= Diaz (musician) =

Norwegian rapper (born 1976)

Diaz (full name Andres Rafael Diaz) is a rapper from Jessheim, Norway, born 26 July 1976. His father, Andres Rafael Diaz Rosa, is Spanish, and his mother, Inger, is Norwegian.

He has released three solo albums: 2050, Velkommen Hjem, Andres (Welcome Home, Andres), and Jessheimfanden. All paying homage to his hometown of Jessheim, which lies some 40 km N/NE of Norway's capital, Oslo, close to the city's airport, Gardermoen. 2050 is the postal code for Jessheim. Velkommen Hjem, Andres refers to the Norwegian film Velkommen Hjem, Anders, which was filmed in 1985 in Jessheim with a cast of local actors.

In addition to this, he has collaborated on numerous singles and albums by artists like Warlocks, Opaque, Tommy Tee, Wu-Tang Clan's RZA, and kapasiteettiyksikkö

The album Velkommen Hjem Andres includes the song "Mitt Terningkast," which Diaz's childhood friends Shagrath and Galder of the symphonic black metal band Dimmu Borgir made in collaboration with. The song "Hats Off to Aruto", a tribute to another childhood friend, was briefly popular in the United States.

Diaz started working as a DJ when he was 13 and has worked as a presenter on Norwegian Channel 24. He also used to run a record shop in Oslo, T&D Records, with mentor and producer Tommy Tee.

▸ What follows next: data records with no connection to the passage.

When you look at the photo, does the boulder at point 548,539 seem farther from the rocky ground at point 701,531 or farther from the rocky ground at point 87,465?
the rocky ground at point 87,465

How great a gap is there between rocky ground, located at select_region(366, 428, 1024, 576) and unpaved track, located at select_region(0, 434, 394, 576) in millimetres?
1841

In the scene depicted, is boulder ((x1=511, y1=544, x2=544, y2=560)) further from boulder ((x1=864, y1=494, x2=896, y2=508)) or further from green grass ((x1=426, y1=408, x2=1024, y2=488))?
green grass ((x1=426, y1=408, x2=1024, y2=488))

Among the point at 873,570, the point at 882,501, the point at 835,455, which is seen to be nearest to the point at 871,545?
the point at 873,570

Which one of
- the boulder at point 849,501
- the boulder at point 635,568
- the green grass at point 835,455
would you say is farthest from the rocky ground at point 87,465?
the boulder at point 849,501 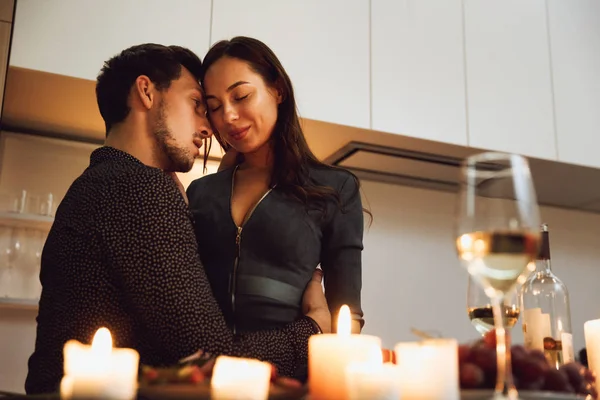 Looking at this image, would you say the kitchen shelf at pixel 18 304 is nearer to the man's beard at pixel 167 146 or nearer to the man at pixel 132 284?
the man's beard at pixel 167 146

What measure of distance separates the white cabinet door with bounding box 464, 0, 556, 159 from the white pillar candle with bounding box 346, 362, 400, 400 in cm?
184

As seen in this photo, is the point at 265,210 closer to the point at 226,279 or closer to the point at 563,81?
the point at 226,279

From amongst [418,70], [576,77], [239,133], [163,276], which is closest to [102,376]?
[163,276]

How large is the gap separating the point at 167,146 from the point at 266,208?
0.23 metres

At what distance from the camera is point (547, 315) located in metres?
1.35

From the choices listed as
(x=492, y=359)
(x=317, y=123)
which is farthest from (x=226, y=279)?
(x=317, y=123)

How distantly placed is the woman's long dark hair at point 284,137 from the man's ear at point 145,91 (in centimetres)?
16

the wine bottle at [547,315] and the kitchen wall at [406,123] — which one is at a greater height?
the kitchen wall at [406,123]

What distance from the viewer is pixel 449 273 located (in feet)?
9.14

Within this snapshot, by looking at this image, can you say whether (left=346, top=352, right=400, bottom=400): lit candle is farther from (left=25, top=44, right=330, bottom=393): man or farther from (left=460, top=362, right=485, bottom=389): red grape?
(left=25, top=44, right=330, bottom=393): man

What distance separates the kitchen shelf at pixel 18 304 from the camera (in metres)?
2.04

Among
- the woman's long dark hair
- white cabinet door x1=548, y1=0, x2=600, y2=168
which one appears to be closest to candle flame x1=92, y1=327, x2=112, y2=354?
the woman's long dark hair

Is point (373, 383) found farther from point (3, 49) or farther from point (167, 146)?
point (3, 49)

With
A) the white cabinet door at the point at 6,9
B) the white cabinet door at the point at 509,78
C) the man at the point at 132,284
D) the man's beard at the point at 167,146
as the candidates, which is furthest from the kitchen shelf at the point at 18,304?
the white cabinet door at the point at 509,78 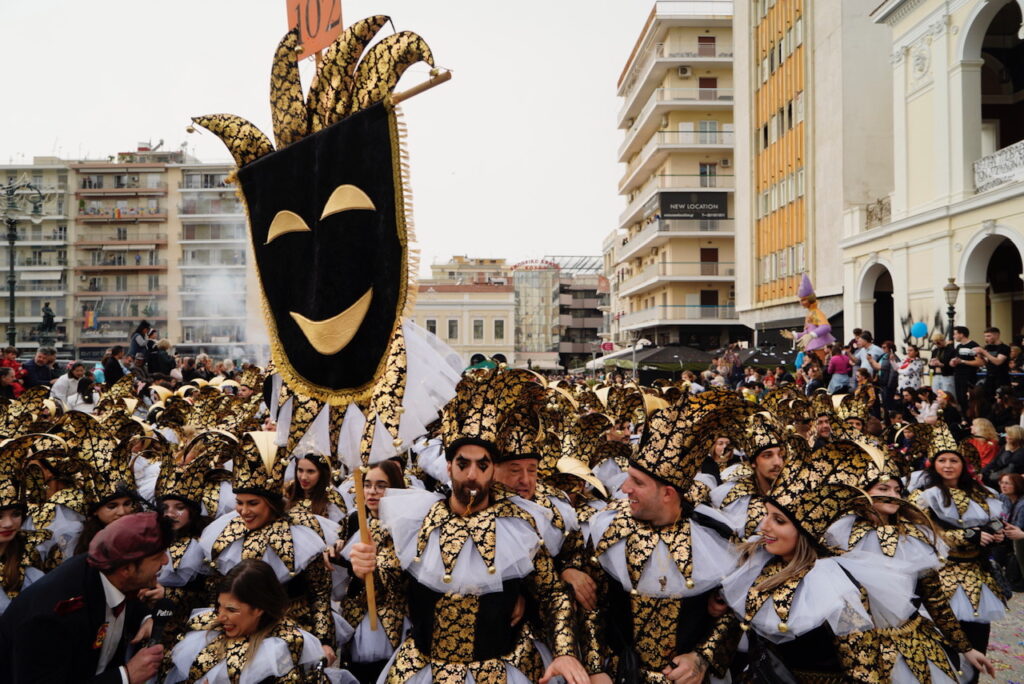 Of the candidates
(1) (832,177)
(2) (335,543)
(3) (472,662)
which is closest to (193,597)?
(2) (335,543)

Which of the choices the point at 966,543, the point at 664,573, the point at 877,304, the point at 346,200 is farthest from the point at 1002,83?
the point at 346,200

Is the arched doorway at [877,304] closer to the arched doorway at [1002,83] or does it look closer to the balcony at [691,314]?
the arched doorway at [1002,83]

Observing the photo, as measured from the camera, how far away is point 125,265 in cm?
9169

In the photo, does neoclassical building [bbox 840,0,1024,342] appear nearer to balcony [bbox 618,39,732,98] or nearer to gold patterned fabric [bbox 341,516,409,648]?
gold patterned fabric [bbox 341,516,409,648]

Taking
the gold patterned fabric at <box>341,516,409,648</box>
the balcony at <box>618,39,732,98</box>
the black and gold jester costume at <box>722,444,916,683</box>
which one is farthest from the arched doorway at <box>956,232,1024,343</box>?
the balcony at <box>618,39,732,98</box>

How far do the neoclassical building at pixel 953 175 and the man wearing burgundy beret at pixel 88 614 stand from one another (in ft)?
65.5

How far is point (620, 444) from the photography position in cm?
753

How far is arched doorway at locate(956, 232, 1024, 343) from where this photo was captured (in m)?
21.9

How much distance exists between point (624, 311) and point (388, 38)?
64.2 metres

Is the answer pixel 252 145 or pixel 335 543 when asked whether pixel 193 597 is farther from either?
pixel 252 145

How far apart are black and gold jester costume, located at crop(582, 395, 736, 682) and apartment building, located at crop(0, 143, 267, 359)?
88.3m

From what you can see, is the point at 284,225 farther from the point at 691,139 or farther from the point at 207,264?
the point at 207,264

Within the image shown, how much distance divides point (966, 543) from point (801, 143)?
105 ft

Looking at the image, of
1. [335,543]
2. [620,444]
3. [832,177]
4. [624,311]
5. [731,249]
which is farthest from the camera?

Tommy Tee has produced much of Diaz's work and runs Tee Productions, the record label that publishes albums by Diaz, Warlocks, Gatas Parlament, and others. He also used to work as a label manager for BMG Music (Norway) and as a promoter for Universal Music (Norway). By 2003, he was one of Norway's foremost hip-hop artists.

Diaz retired from rap music, although he made a comeback appearance in October 2009. He studied business at the Norwegian School of Management. He has worked with the Salvation Army, and for the past three years, he has worked for the Norwegian Red Cross (Oslo Red Cross) with inner-city youth.